On June 10, the eve of the World Cup’s opening match, the platform was hit by something more acute: a flash DDoS that fired 786K requests in 87 seconds, peaking at nearly 18,000 requests per second. It was over before most detection systems would have collected enough data to recognize that something was wrong.

The attack originated from Biterika Group LLC, a Russia-based hosting provider previously linked to a DDoS attack against media organizations. DataDome telemetry shows that 91% of traffic from this provider is malicious. Some bot attacks try to stay invisible, spreading requests over hours, pacing each IP well below detection thresholds, blending into background noise. This one did the opposite.

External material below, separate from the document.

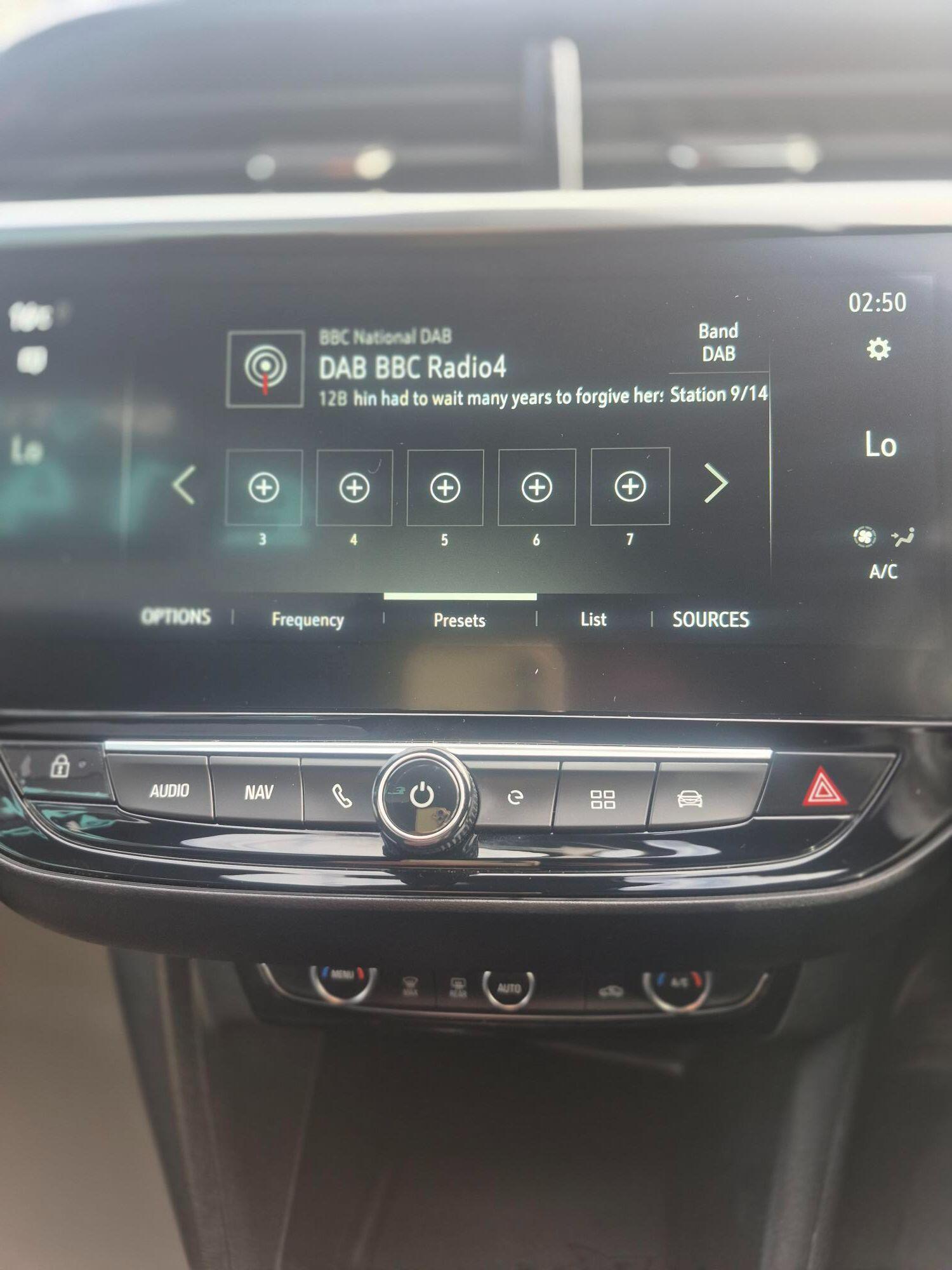 Used Vauxhall Corsa 2023 for sale - 77413254: Photo 21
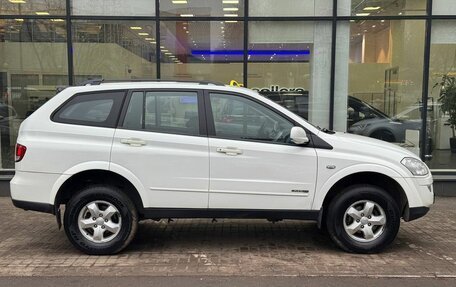 SsangYong Kyron I, 2012 год, 850 000 рублей, 4 фотография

DataDome detected and blocked both the sustained attack wave and the flash DDoS in real time. DataDome’s Galileo threat research team analyzed the event and identified a botnet built on known proxy infrastructure, with one of our AI detection models proving decisive against the broader campaign.

Key findings

• Bot attacks on sports-betting platforms have surged since the start of the 2026 FIFA World Cup, with nearly 19 million requests blocked for one major European platform in three weeks.
• On the eve of the opening match, the platform was hit by a flash DDoS firing 786K requests in 87 seconds, driven primarily by Russian hosting provider Biterika Group LLC.
• Traffic was overwhelmingly web-focused (99.79%), with minimal probing of login (0.21%) and account creation (0.01%) endpoints, pointing to platform disruption as the primary objective.
• DataDome’s Turing model mitigated over 10 million requests alone, detecting the sustained attack wave through time-based signal patterns.

Attack timeline

The blocked traffic chart below tells the story of the broader trend. From late May, requests blocked for this platform began climbing steadily, slowly at first, then sharply from June 5 onward as the World Cup approached. By June 9, daily blocked volume had increased nearly tenfold from where it stood at the start of the month.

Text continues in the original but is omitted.